Tugas kita tidak lain adalah menutup segala kekurangan dan menyempurnakan akal, hati dan jiwa masyarakat, sehingga jalan yang ditempuh mereka menjadi benar dan teratur dalam tatanan kehidupan mereka sesuai dengan apa yang diinginkan Allah Swt. Adapun kita mengambil dari jalan Al-Qur’an tidak lain untuk menghidupkan hati dan jiwa dan menghalus lembutkan, membersihkan dan memberi makan pada jiwa dan akal serta hati dengan disinari oleh akidah yang benar sebagai sumber dari munculnya akhlak yang mulia dan utama, Allah Swt berfirman :
}أَلَمْ يَأْنِ لِلَّذِينَ آمَنُوا أَن تَخْشَعَ قُلُوبُهُمْ لِذِكْرِ اللَّهِ وَمَا نَزَلَ مِنَ الْحَقِّ وَلا يَكُونُوا كَالَّذِينَ أُوتُوا الْكِتَابَ مِن قَبْلُ فَطَالَ عَلَيْهِمُ الأَمَدُ فَقَسَتْ قُلُوبُهُمْ وَكَثِيرٌ مِّنْهُمْ فَاسِقُونَ{
{Belum tibakah waktunya bagi orang-orang yang beriman, untuk secara khusyuk mengingat Allah dan mematuhi kebenaran yang telah diwahyukan (kepada mereka), dan janganlah mereka (berlaku) seperti orang-orang yang telah menerima kitab sebelum itu, kemudian mereka melalui masa yang panjang sehingga hati mereka menjadi keras. Dan banyak di antara mereka menjadi orang-orang fasik} (Al-Hadid: 16).
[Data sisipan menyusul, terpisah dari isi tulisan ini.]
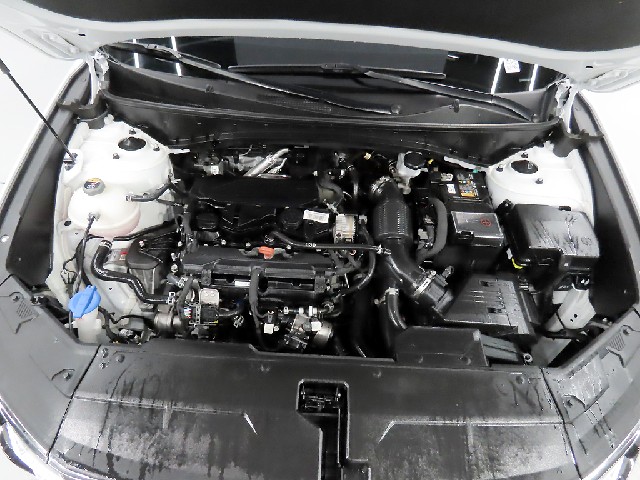 d0166a8fca0f5b3928a3a0d8f69a4471.jpeg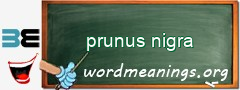 WordMeaning blackboard for prunus nigra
Maka dari itu wajib bagi para pemikir, murabbi/ Pendidik, untuk terlibat masuk dalam mengambil peran tersebut dengan melalui metode Al-Qur’an dalam menyampaikan nasehat, menghidupkan hati dan jiwa, begitu juga melalui ayat-ayat syarifah yang mana kalau orang berakal sedikit merenung dan memikirkan ayat-ayat tersebut dapat dipastikan dia akan meluruskan pandangan dan metode kehidupannya, seperti yang Allah Swt firmankan di dalam surat Ad-Dukhan:
}كَمْ تَرَكُوا مِن جَنَّاتٍ وَعُيُونٍ، وَزُرُوعٍ وَمَقَامٍ كَرِيمٍ، وَنَعْمَةٍ كَانُوا فِيهَا فَاكِهِينَ، كَذَلِكَ وَأَوْرَثْنَاهَا قَوْماً آخَرِينَ، فَمَا بَكَتْ عَلَيْهِمُ السَّمَاء وَالأَرْضُ وَمَا كَانُوا مُنظَرِينَ{
{Betapa banyak taman-taman dan mata air-mata air yang mereka tinggalkan, juga kebun-kebun serta tempat-tempat kediaman yang indah, dan kesenangan-kesenangan yang dapat mereka nikmati di sana, demikianlah, dan Kami wariskan (semua) itu kepada kaum yang lain. Maka langit dan bumi tidak menangisi mereka dan mereka pun tidak diberi penangguhan waktu} (Ad-Dukhan: 25-29).
Saya memberi masukan kepada Anda untuk membaca kitab “Qalbu as-Salīm” yang terbagi dalam dua bagian, di mana bagian pertama adalah masalah akidah dan yang kedua adalah pembahasan akhlak, dan kedua bagian tadi ditulis dari seorang yang memiliki hati yang bersih.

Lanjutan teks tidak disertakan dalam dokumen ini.